For many, enlightened self-interest seems like the way to go. I look after myself first and you later. Everyone knows the mantra, in an emergency, secure your mask before helping others with theirs. Yet, seeing beyond oneself and exhibiting self-transcendence is the highest stage of personal development. 

Rabbi Jonathan Sacks ob”m said, “We love what we are willing to make sacrifices for…To love is to thank…To love is to give. Sacrifice is the choreography of love.”

While sacrifice may be the choreography of love, it is sometimes difficult to be a good dancer.  So to talk this out, I turned to my good friend Chloe Valdary. Chloe is the founder of the Theory of Enchantment, a diversity and resilience training company. And her whole program is amazing, but what’s so intriguing to me is her whole approach, that you can’t begin to approach the world beyond yourself until you first attempt to look through the eyes of others.

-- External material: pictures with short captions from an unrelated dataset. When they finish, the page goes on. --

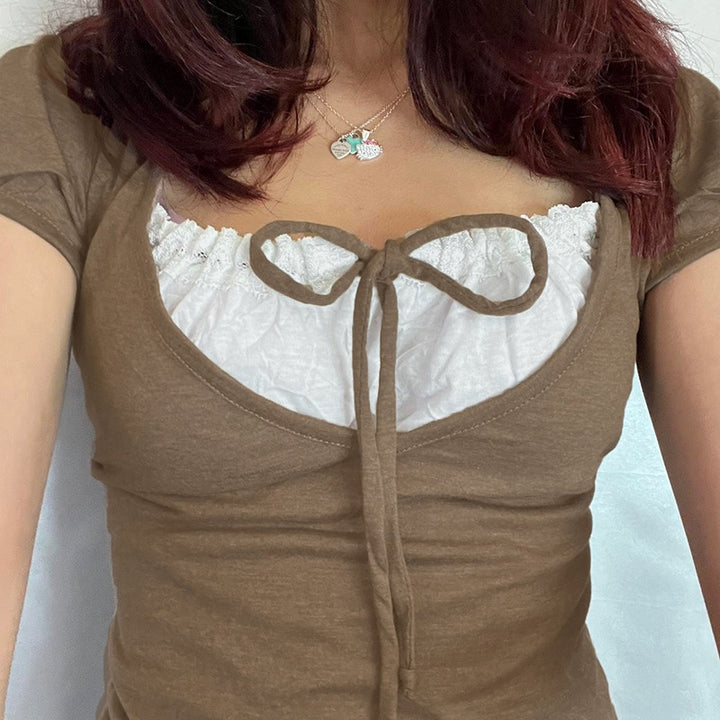 Women Scoop Neck Solid Top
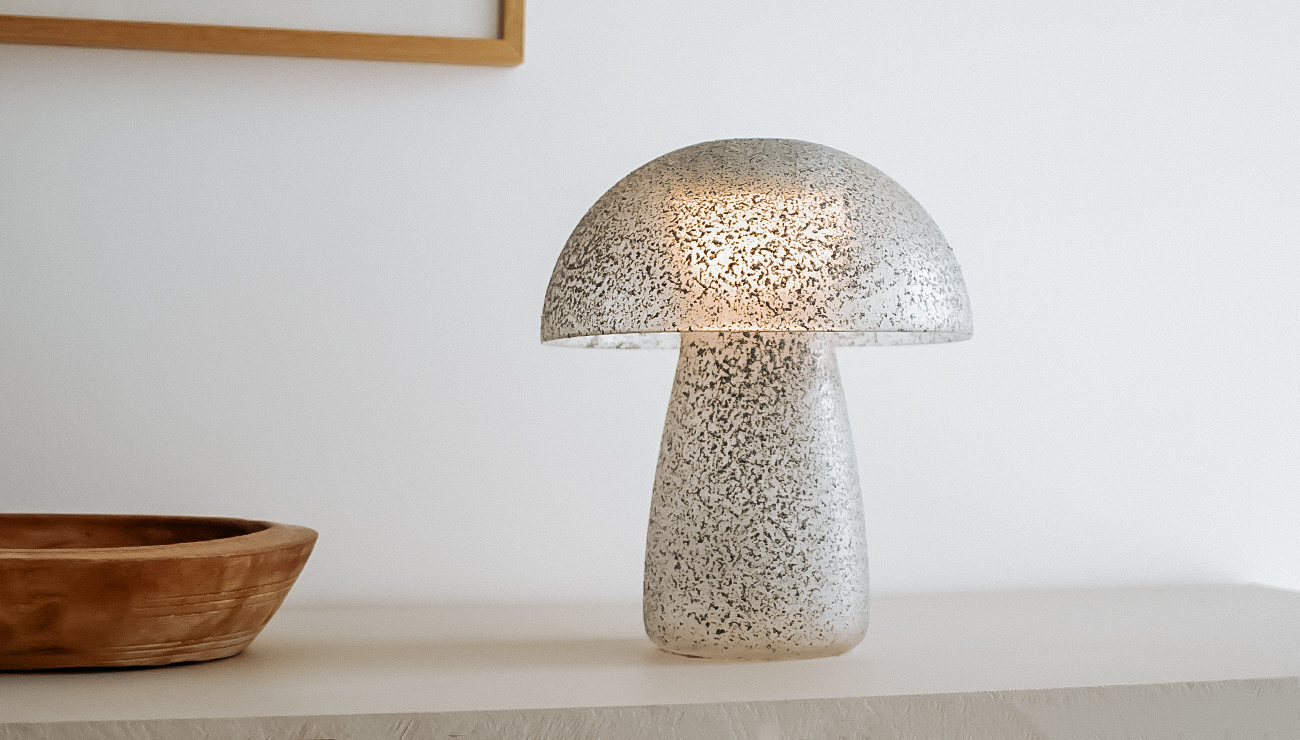 Ikea Hack lampe champignon mouchetée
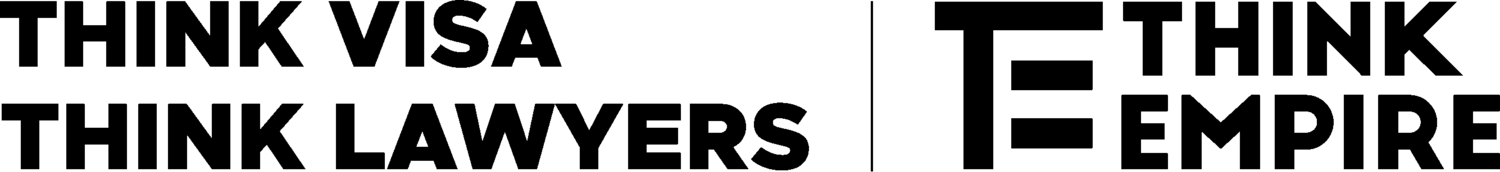 A logo for think visa think lawyers think empire
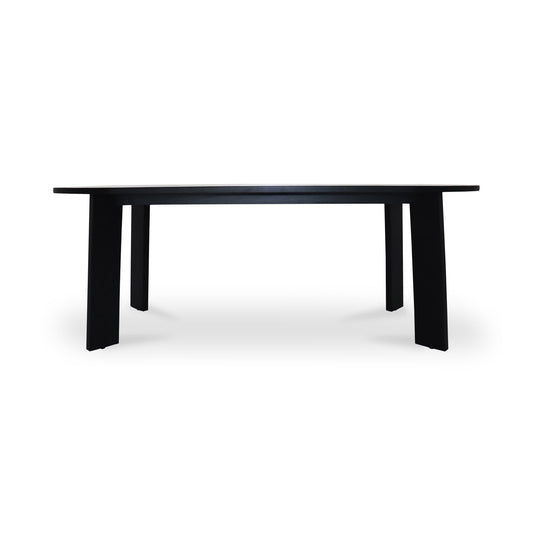 Delta - Oval Outdoor Dining Table - Black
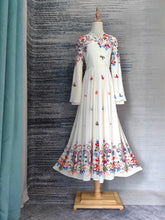 Full Body Retro Embroidered Dubai Aristocratic Dress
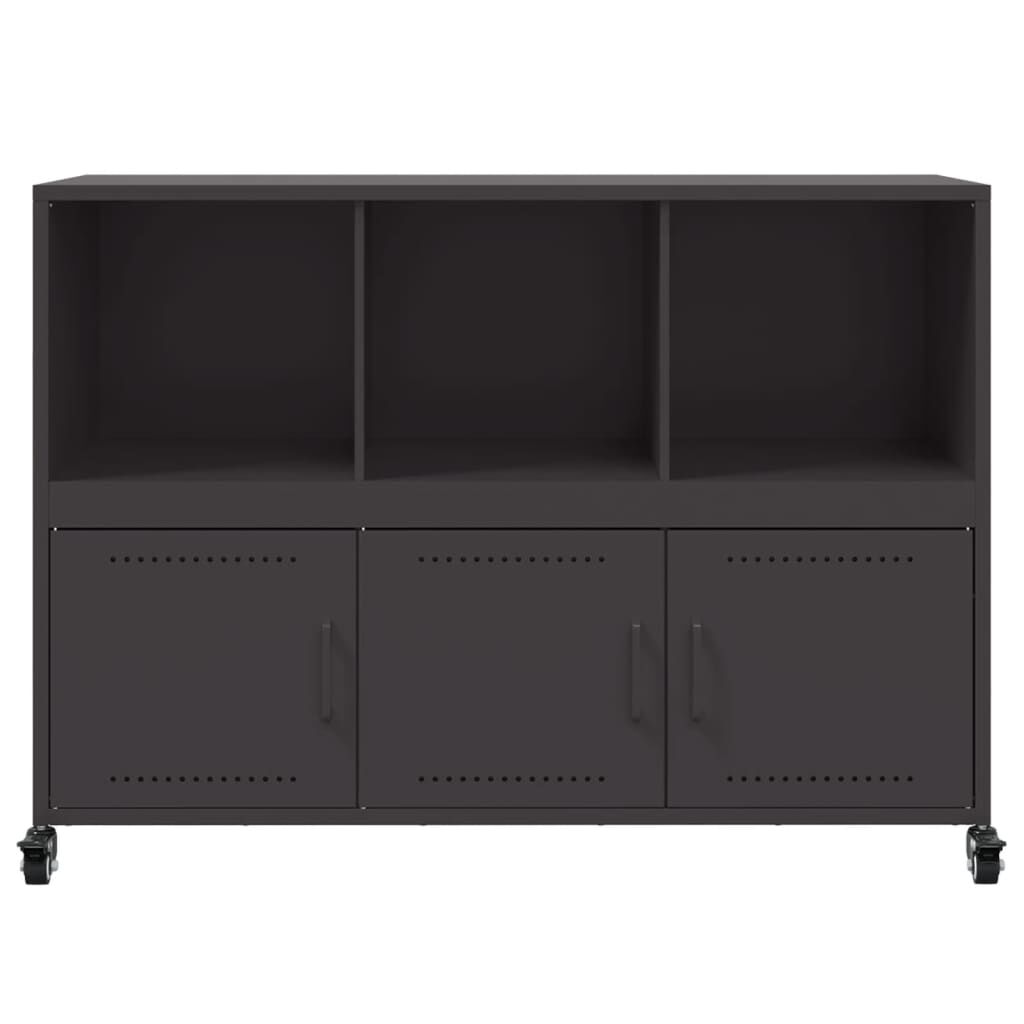 vidaXL Sideboard Black 100.5x39x72 cm Steel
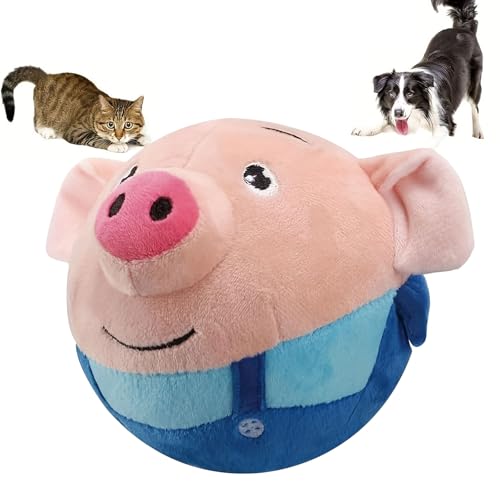 CERICAI Active Moving Pets Plush Toy, USB Rechargeable, Electronic Pet Dog Toy Ball, Singing Talking Interactive Balls Dog Toys, Dog Plush Bouncing Jump Ball for Pet Dogs for Gift
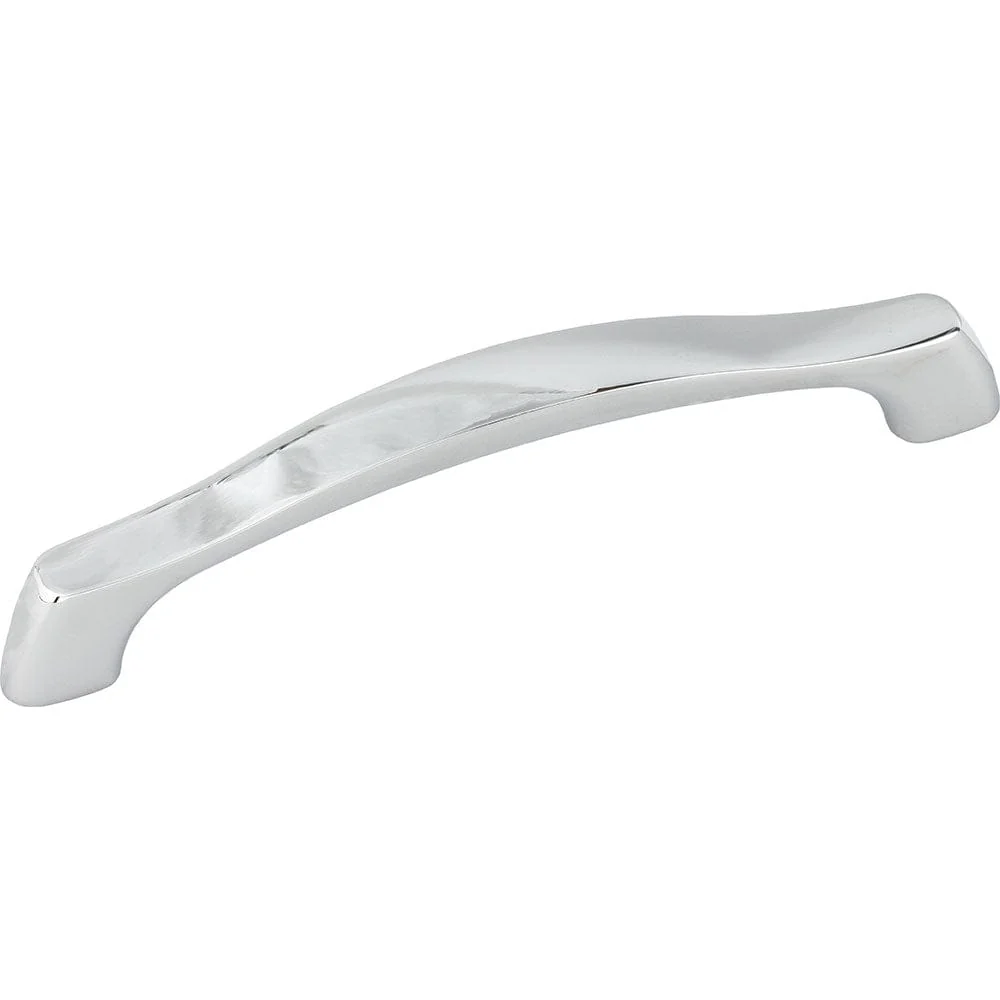 Cabinet Pull, 128mm C/C, 6-1/8" O.L.,  Polished Chrome - Image 1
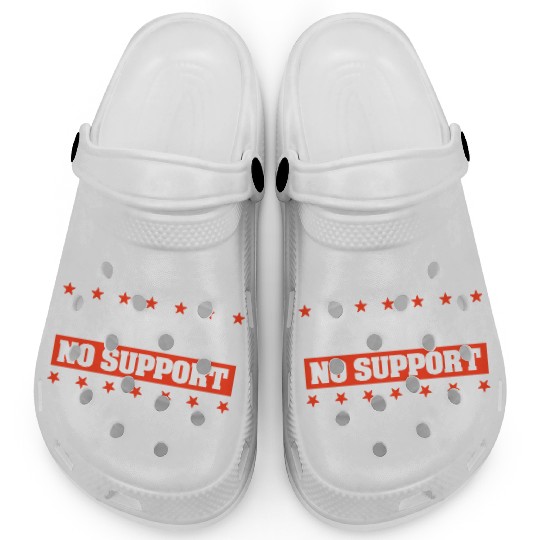 No Ticket No Support Work Job IT Admin Clogs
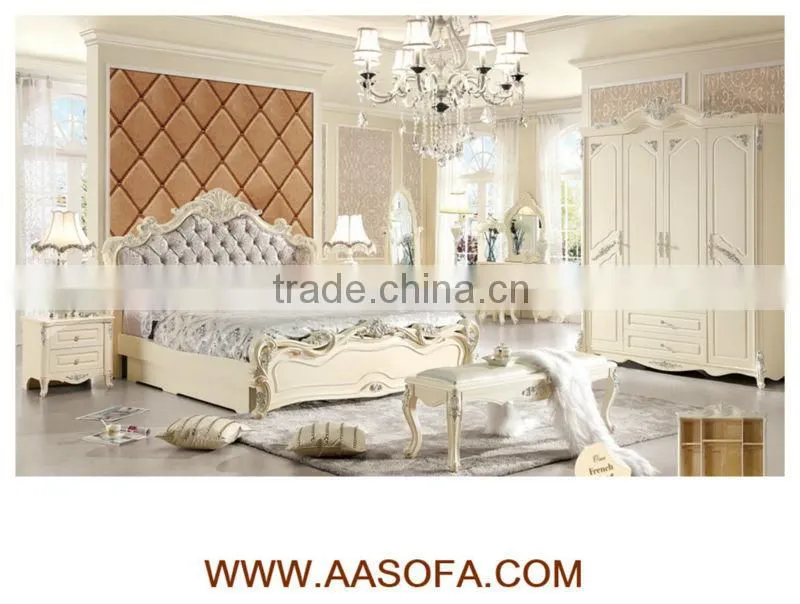 Bedroom set furniture sleeping bed foshan furniture market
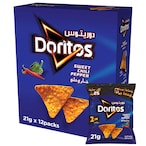 Buy Doritos Sweet Chili Tortilla Chips 21g Pack of 12 in UAE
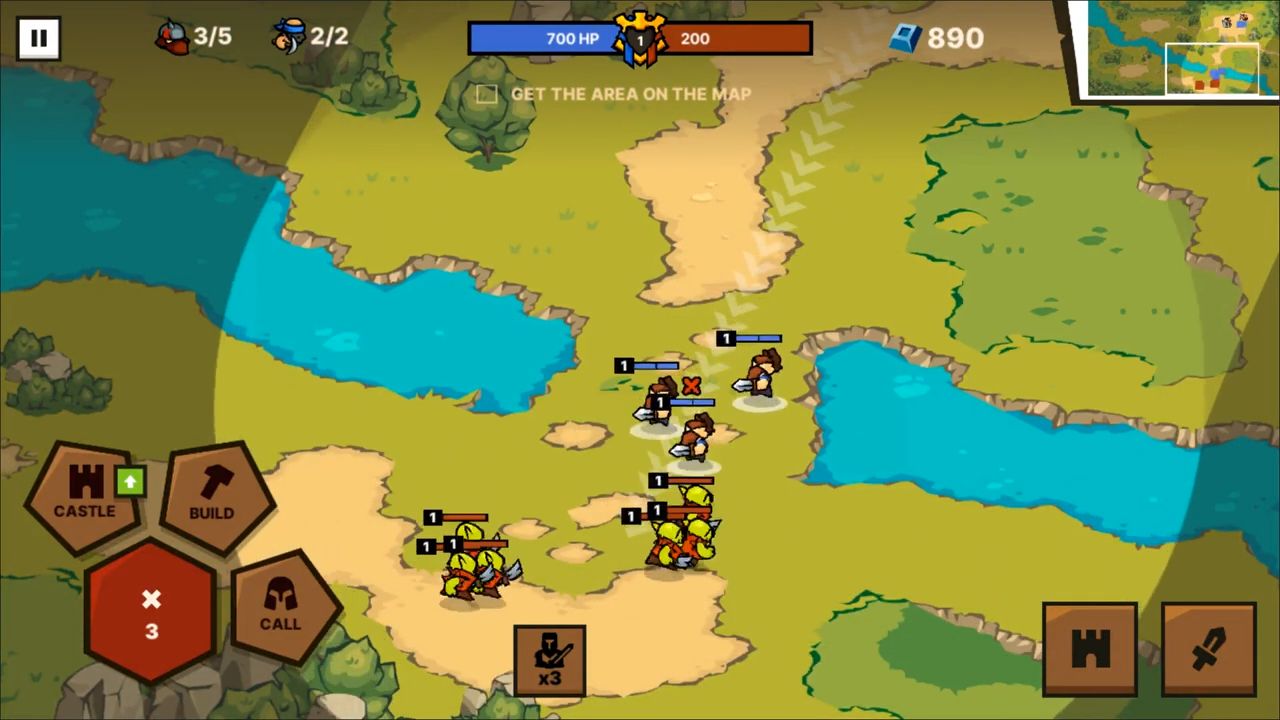 Scarica Castlelands - real-time classic RTS strategy game gratis per Android.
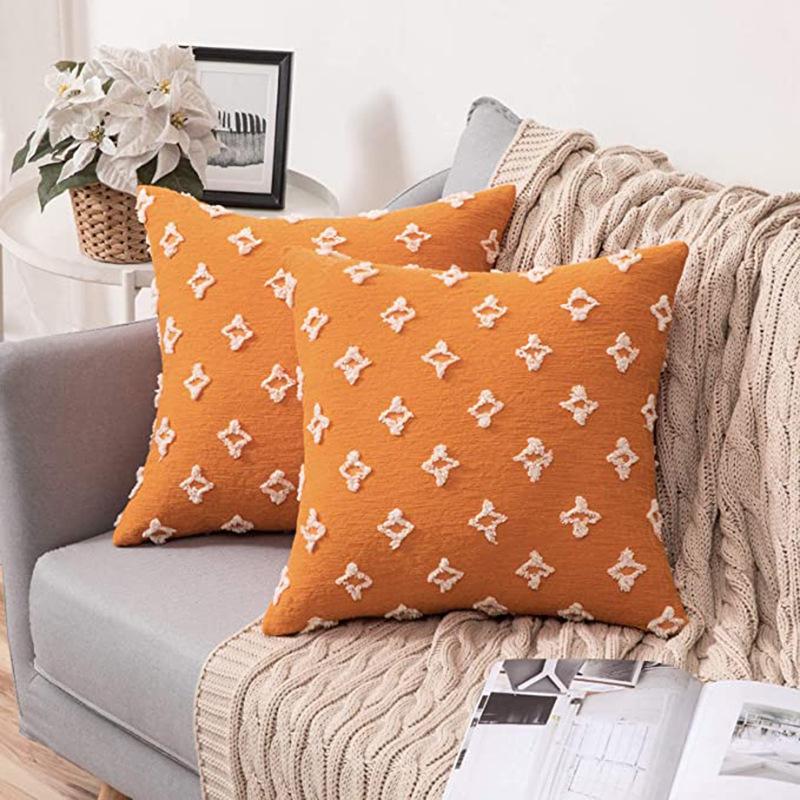 Moroccan Ins Style Star Pillow Case Home Model Room Cotton and Linen Pillow Office Nap Hotel Cushion Cover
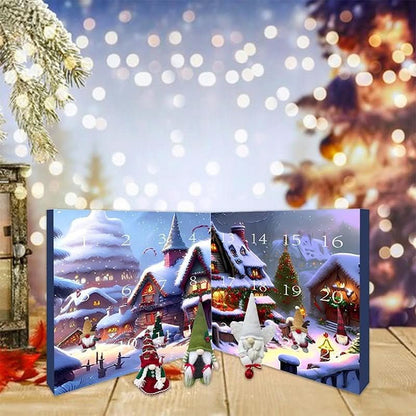 Plush Gnome Advent Calendar – Handmade Fabric Christmas Countdown with 3 Plush Elves & 21 Surprises, Reusable, 3 Styles — photo 2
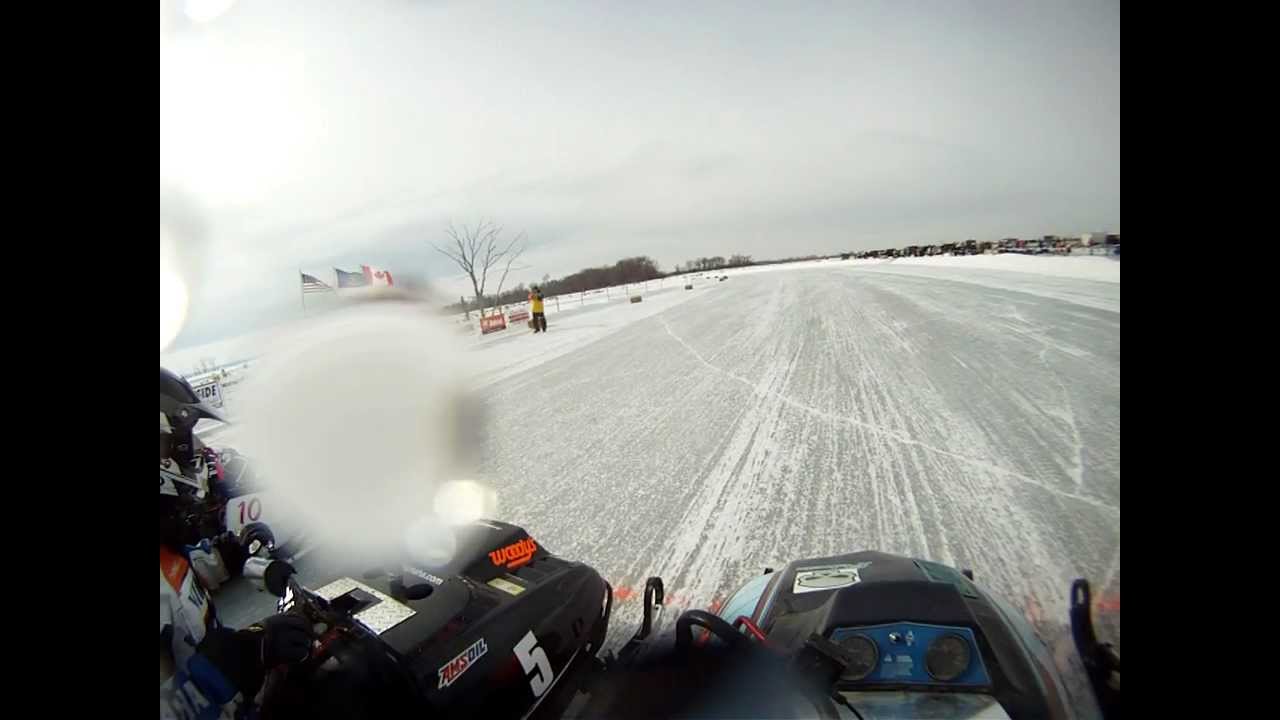 Devils Lake Ice Oval Racing feb 19, 2012.MP4 - YouTube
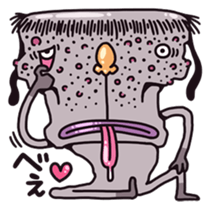 Strange people 40 [C group] sticker #4470350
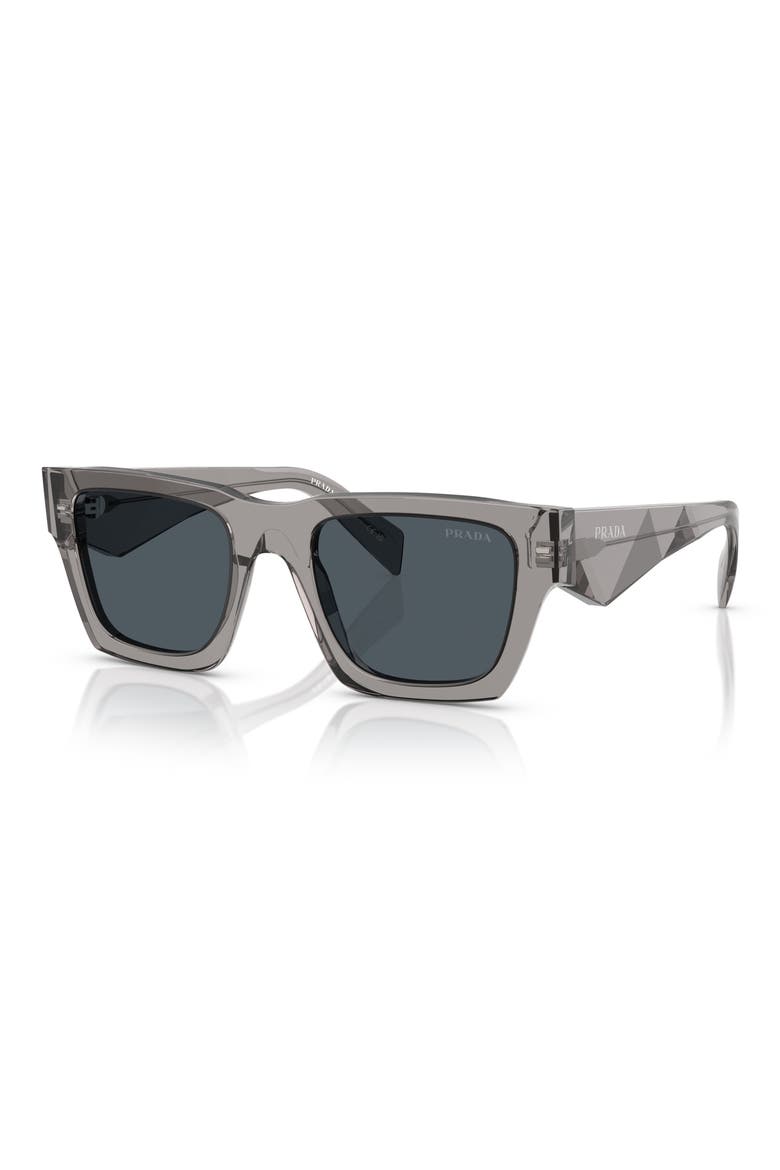 50mm Pillow Sunglasses, Alternate, color, DARK GREY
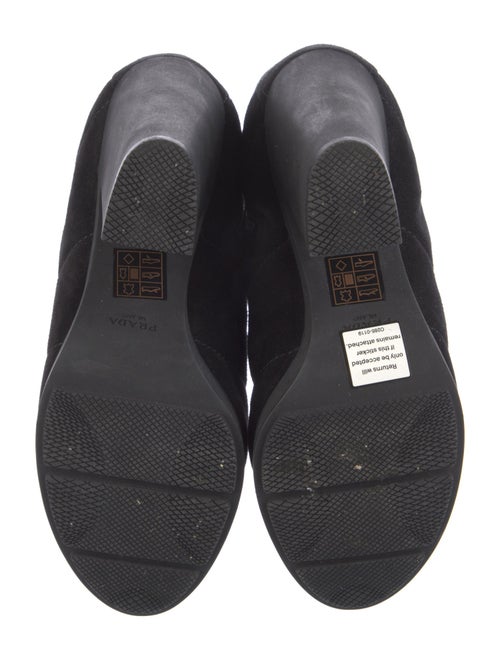 Prada Sport Suede Lace-Up Boots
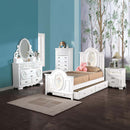 Flora 6 Drawers & 2 Door Dresser, White Finish Acme
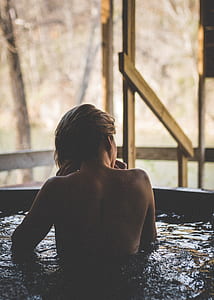 woman bathing in a tub thumbnail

Why sacrifice? When should we sacrifice? Who am I willing to sacrifice for? When is sacrifice a virtue and when is sacrifice a demerit? 

Friends, I bring you Chloe Valdary.

CONVERSATION

Noam: Chloe, so excited to have you here.

Chloe: I’m so excited to be here, Noam.

Noam: This is going to be a lot of fun. Our 10 episodes cover the gamut. You chose to speak about the topic of sacrifice, and self transcendence. Without going too much into it, why did you choose this topic?

Chloe: I feel like I’ve been learning a lot about sacrifice as something that is important for self individuation, and self-actualization and ultimately self transcendence. I really wanted to live a full life, and I think that requires discernment, and it requires sacrificing certain things in order to achieve a greater purpose in life.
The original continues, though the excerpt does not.